**Exercise description:** Repeat the listing word for word, but skip any pictures.

**Materials provided:**

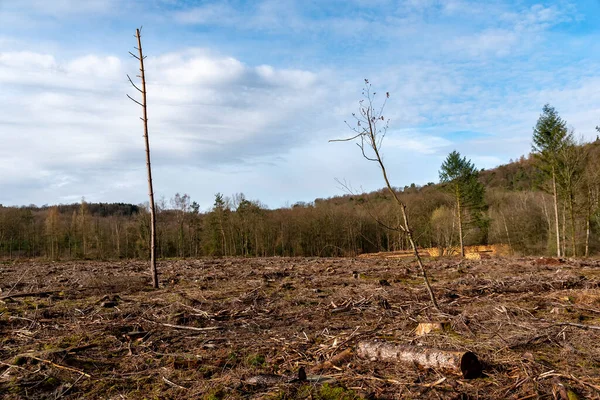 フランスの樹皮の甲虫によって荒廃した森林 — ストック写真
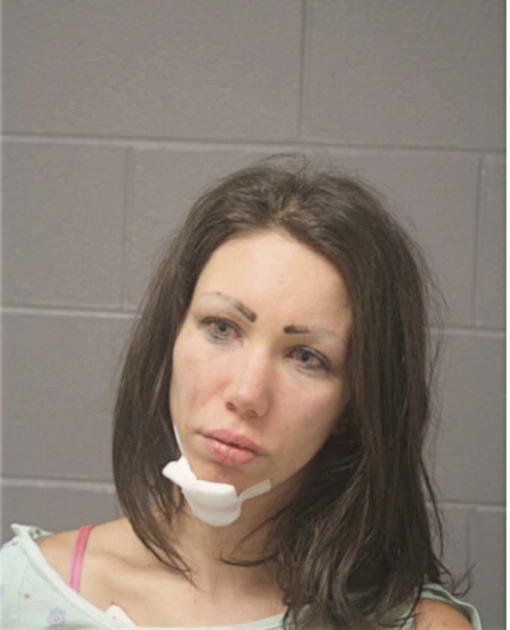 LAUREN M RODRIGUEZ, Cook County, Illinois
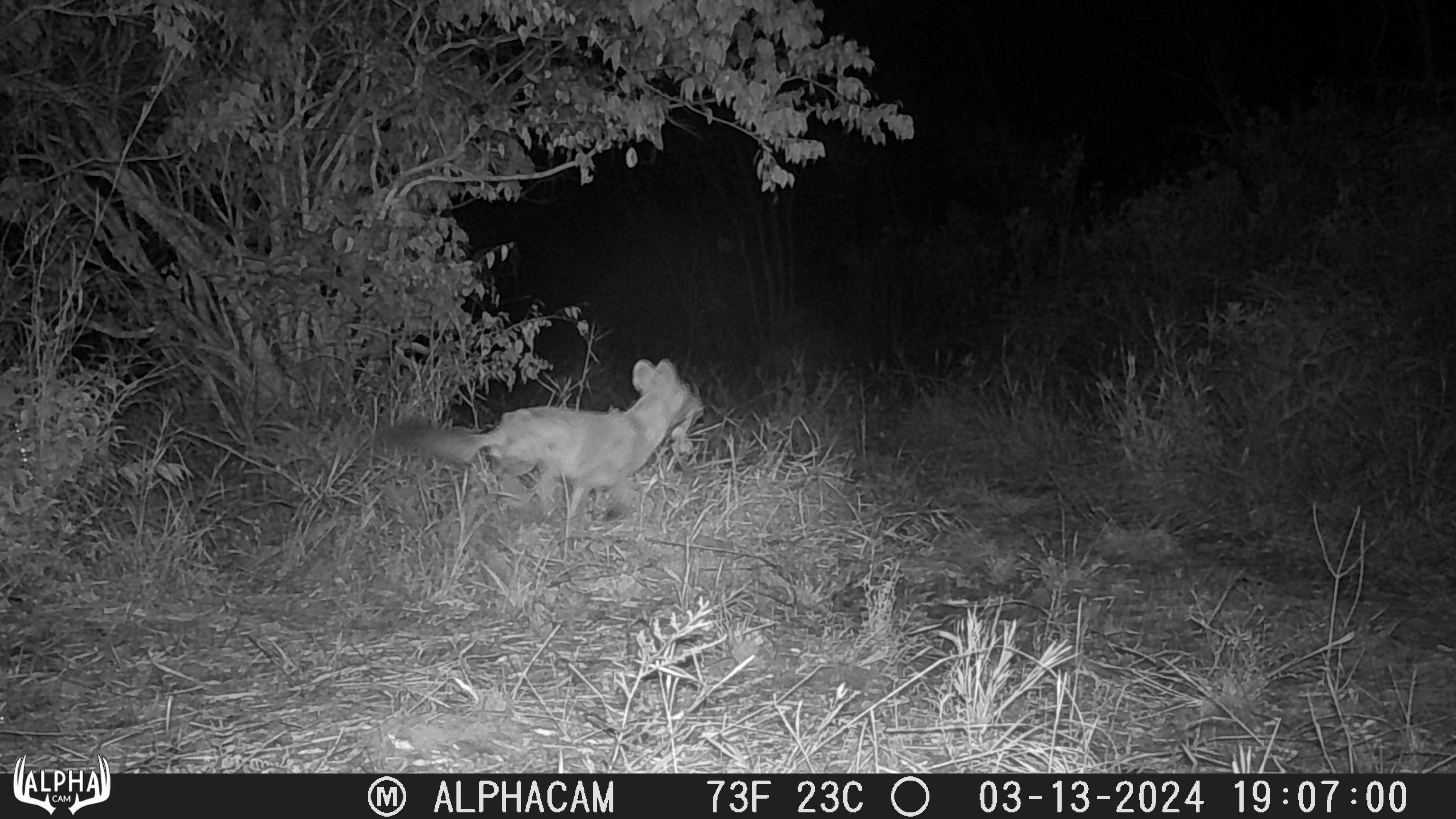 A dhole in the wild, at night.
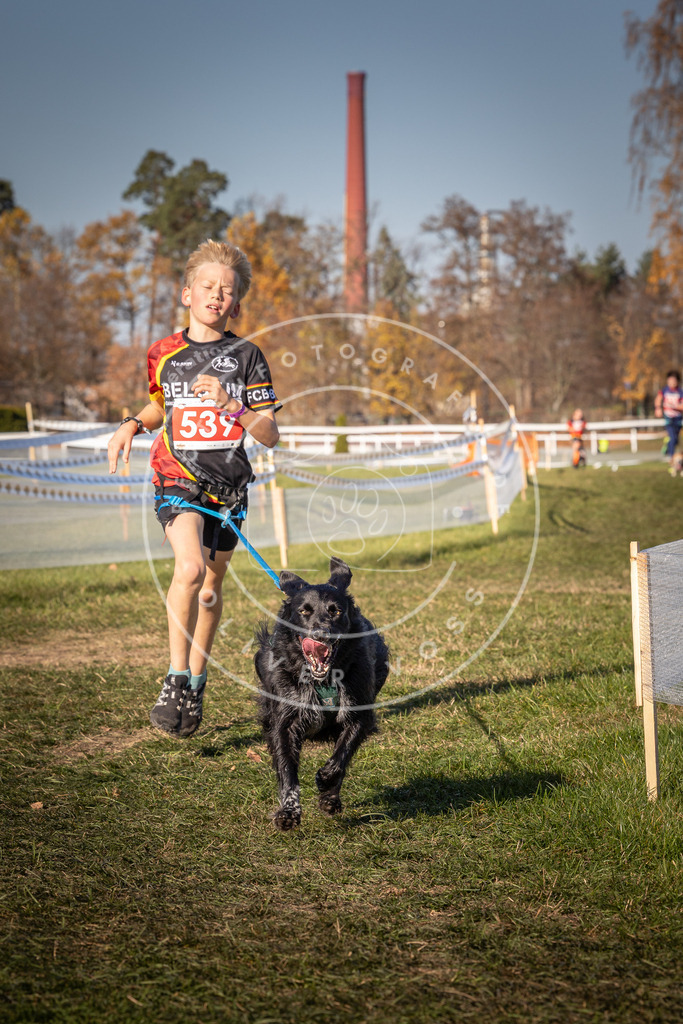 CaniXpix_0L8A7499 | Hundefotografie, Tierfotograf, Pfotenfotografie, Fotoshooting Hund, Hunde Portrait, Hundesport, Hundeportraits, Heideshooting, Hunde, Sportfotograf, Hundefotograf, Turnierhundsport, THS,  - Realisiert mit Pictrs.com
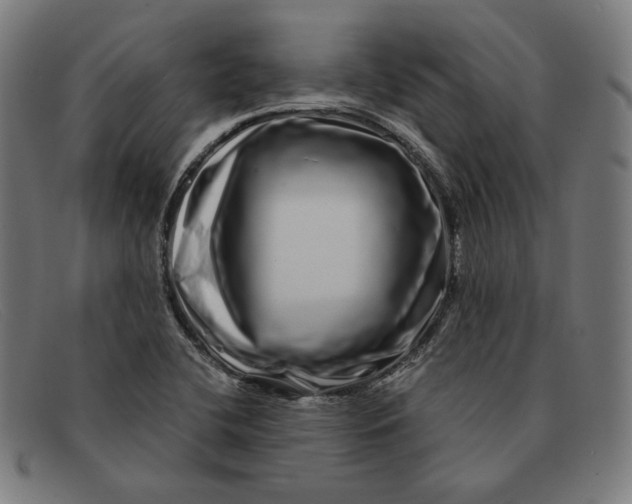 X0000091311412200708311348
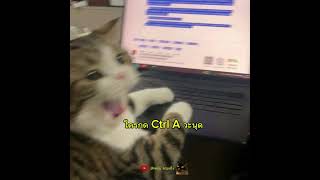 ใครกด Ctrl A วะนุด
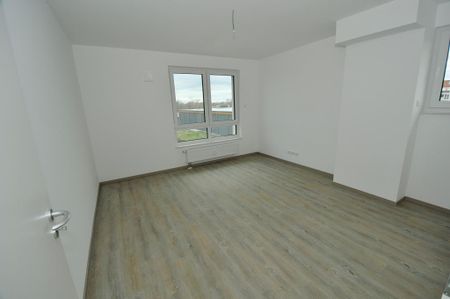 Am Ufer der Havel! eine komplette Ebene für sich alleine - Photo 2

**Solution to the problem:**
 フランスの樹皮の甲虫によって荒廃した森林 — ストック写真
 LAUREN M RODRIGUEZ, Cook County, Illinois
 A dhole in the wild, at night.
 CaniXpix_0L8A7499 | Hundefotografie, Tierfotograf, Pfotenfotografie, Fotoshooting Hund, Hunde Portrait, Hundesport, Hundeportraits, Heideshooting, Hunde, Sportfotograf, Hundefotograf, Turnierhundsport, THS,  - Realisiert mit Pictrs.com
 X0000091311412200708311348
 ใครกด Ctrl A วะนุด
 Am Ufer der Havel! eine komplette Ebene für sich alleine - Photo 2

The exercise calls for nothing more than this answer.